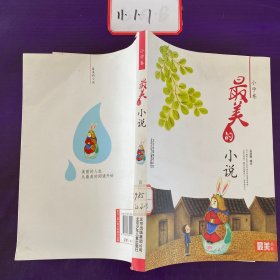 最美书系  小学卷 最美的小说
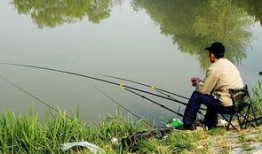 重庆钓鱼塘吃瓜,重庆钓鱼塘里的夏日吃瓜趣事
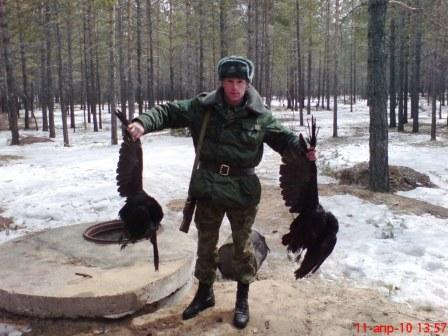 Ворон,плохая птица!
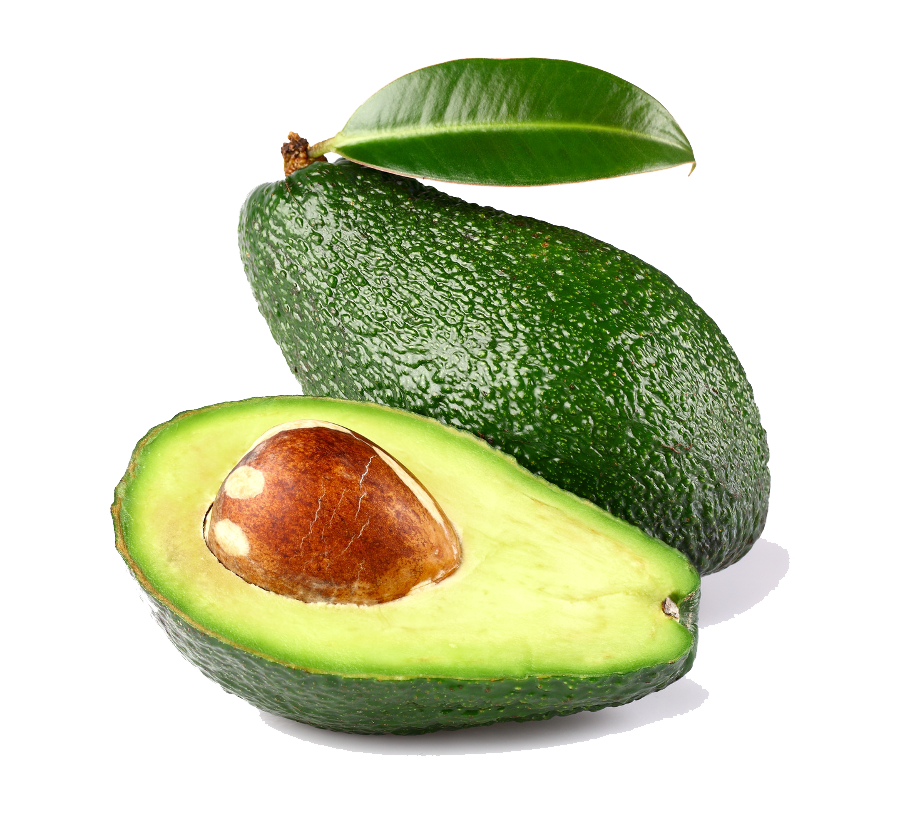 Avocado Png PNG Image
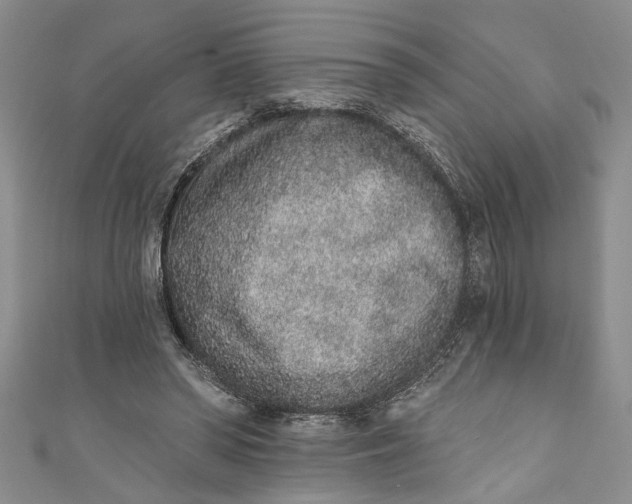 X0000110860398200907021420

══════════

* [Task to carry out]:
Only an exact copy of the records counts as an answer. Leave out the images.

* [Output of the task]:
 最美书系  小学卷 最美的小说
 重庆钓鱼塘吃瓜,重庆钓鱼塘里的夏日吃瓜趣事
 Ворон,плохая птица!
 Avocado Png PNG Image
 X0000110860398200907021420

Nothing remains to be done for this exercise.